*EXERCISE DIRECTIONS*. Return every line of the listing that includes the string "Chapter".

*SUPPLIED RECORDS*.
○ ○ ○ ○ ○
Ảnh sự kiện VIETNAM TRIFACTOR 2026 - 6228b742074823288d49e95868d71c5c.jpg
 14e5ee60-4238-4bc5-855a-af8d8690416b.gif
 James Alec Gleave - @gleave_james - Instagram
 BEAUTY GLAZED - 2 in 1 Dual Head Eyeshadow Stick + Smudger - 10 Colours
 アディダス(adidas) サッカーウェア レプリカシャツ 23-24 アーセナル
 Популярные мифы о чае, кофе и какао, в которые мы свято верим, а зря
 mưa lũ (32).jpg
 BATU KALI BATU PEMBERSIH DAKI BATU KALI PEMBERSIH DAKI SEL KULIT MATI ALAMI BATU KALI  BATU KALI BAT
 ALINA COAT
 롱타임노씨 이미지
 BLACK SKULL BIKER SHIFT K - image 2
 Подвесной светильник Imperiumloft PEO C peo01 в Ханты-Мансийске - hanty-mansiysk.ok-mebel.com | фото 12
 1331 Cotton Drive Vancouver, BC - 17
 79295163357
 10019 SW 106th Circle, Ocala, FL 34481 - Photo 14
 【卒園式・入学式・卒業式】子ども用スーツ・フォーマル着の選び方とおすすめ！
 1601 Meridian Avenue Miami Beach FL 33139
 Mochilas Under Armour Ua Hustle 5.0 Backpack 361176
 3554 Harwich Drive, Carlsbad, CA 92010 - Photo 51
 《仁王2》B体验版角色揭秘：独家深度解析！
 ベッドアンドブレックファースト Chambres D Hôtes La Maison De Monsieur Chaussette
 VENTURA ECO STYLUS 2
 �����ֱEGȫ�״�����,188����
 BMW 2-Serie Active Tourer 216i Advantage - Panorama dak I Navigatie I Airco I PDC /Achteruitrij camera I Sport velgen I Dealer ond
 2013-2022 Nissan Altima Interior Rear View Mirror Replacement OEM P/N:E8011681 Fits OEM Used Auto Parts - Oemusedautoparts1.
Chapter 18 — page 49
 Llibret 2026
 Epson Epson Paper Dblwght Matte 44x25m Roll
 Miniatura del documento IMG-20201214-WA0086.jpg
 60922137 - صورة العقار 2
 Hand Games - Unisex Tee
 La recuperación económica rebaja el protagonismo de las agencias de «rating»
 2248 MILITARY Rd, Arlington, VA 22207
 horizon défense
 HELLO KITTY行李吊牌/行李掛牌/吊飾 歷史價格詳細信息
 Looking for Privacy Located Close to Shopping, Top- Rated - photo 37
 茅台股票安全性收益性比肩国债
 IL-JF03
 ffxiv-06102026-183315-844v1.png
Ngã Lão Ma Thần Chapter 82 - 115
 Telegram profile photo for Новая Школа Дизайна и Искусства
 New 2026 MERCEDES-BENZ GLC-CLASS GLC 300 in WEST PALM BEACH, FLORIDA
○ ○ ○ ○ ○
*FINAL ANSWER*.
Chapter 18 — page 49
Ngã Lão Ma Thần Chapter 82 - 115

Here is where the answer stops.